Der Zweck heiligt also die Mittel ? Tja darunter könnten wir viels subsumieren, im Endeffekt wäre die Todestrafe da Menschlicher, es würde nähmlich zum Ausdruck bringen das unsere verkorkste Leistungsgesellschaft viele einfach nicht will und welche dann delinquieren unter aller Würde behandelt werden können.
Ich wünsche Ihnen mal 2 Wochen U-Haft, ohne gar nichts, nur 2 Wochen ganz normale U-Haft, den meisten Menschen ist das schon Schock genug
Es langt schon die vorläufige Festnahme für ein paar Tage. Da braucht man nicht einmal einen Richter dafür.
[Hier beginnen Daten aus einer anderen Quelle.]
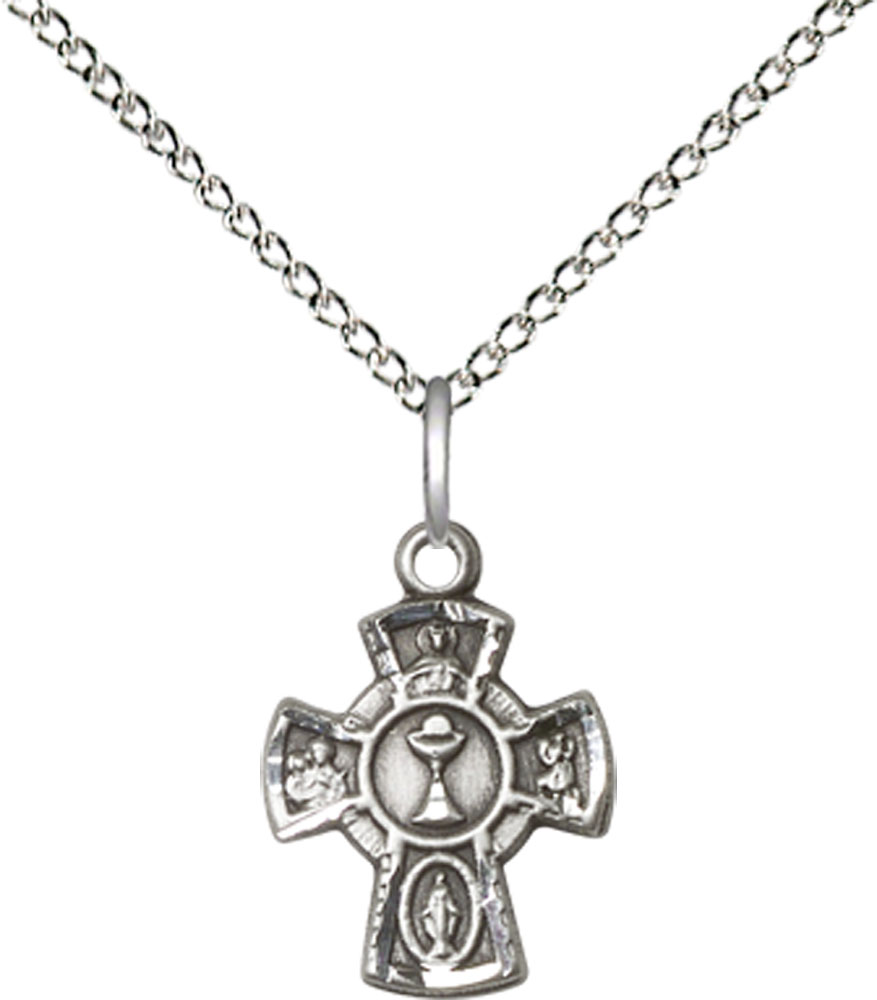 Sterling Silver 5-Way / Chalice Pendant on a 18 inch Sterling Silver Light Curb chain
Offensichtlich ist hier so manchem Juristen das Folterverbot nicht bekannt. Auch seinen diese Anwälte seine Bedeutung nicht zu ergreifen: Das Folterverbot gilt absolut, ohne jede Ausnahme. Wer eine Ausnahme davon macht, wie die Herren Kollegen, der stösst damit das Tor zur Diktatur, zur Hölle auf. Werden doch so die Grenzen immer mehr in selbstgerechter Weise verschoben. Der fälschlicherweise erfolgte Hinweis auf die angebliche unerklärliche Gewaltbereitschaft ist daher verfehlt – und in einem demokratischen Rechtstaat nicht hinnehmbar. Gerne empfehle ich daher die Lektüre der allgemeinen Menschenrechteserklärung, aber auch der schweizerischen Bundesverfassung.